Work order
All lines in the records below from the line with "BOSTON RED SOX" through the line with "Full body diver" are to be given again exactly, both ends included; the pictures are to be left out.

Input data
══════════

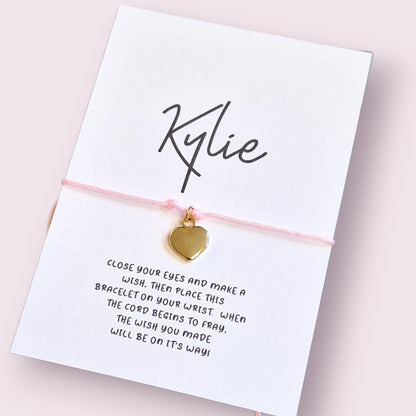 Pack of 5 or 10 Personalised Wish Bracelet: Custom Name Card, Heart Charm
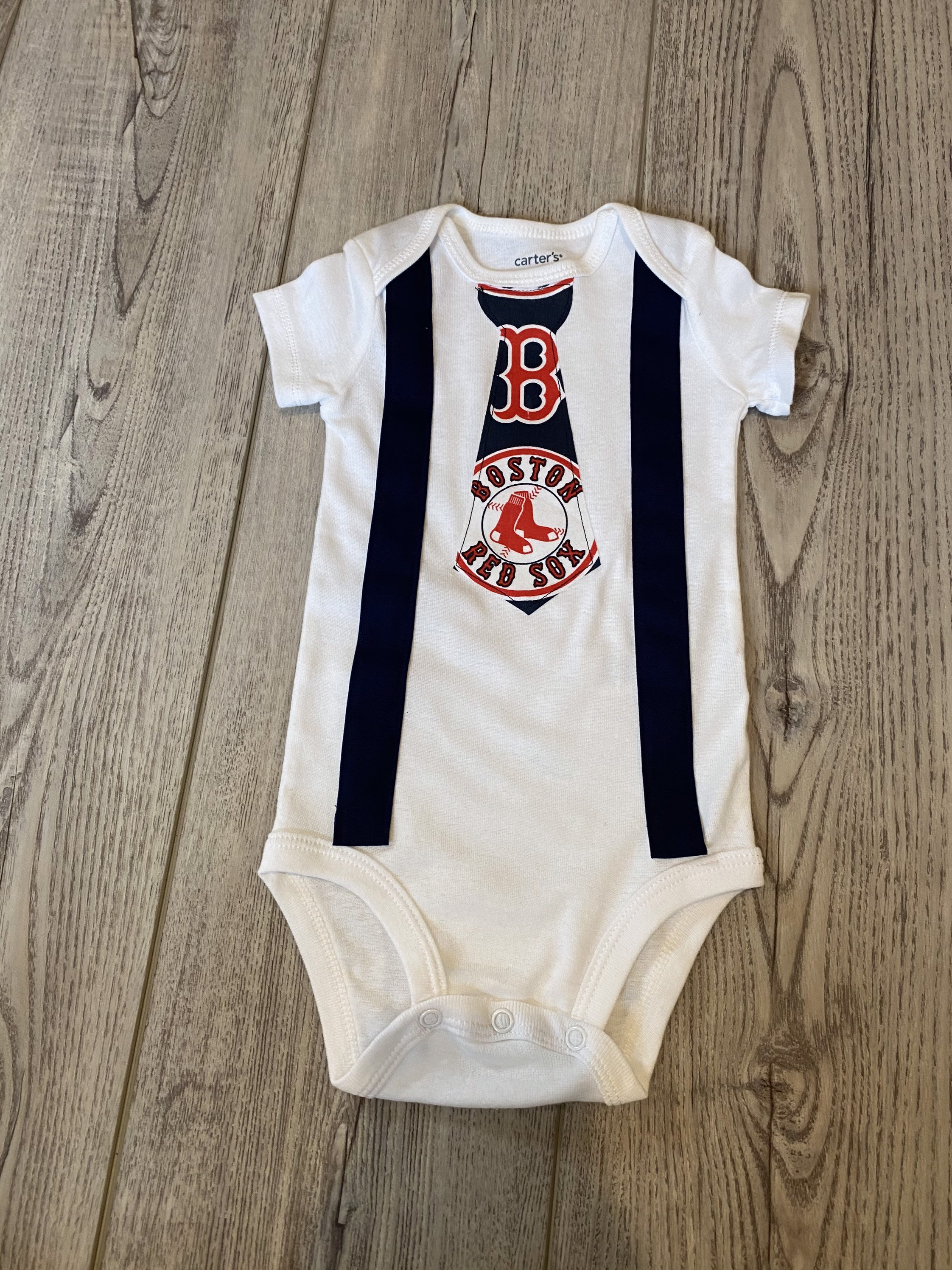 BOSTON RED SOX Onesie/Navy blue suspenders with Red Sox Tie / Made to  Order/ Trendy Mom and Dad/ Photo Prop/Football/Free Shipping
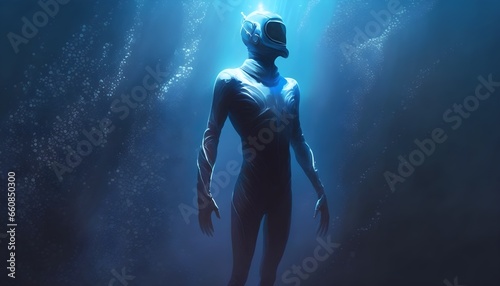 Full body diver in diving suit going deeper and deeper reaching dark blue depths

══════════

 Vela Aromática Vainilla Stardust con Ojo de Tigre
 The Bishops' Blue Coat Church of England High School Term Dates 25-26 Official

══════════

Solution to the exercise
 BOSTON RED SOX Onesie/Navy blue suspenders with Red Sox Tie / Made to  Order/ Trendy Mom and Dad/ Photo Prop/Football/Free Shipping
 Full body diver in diving suit going deeper and deeper reaching dark blue depths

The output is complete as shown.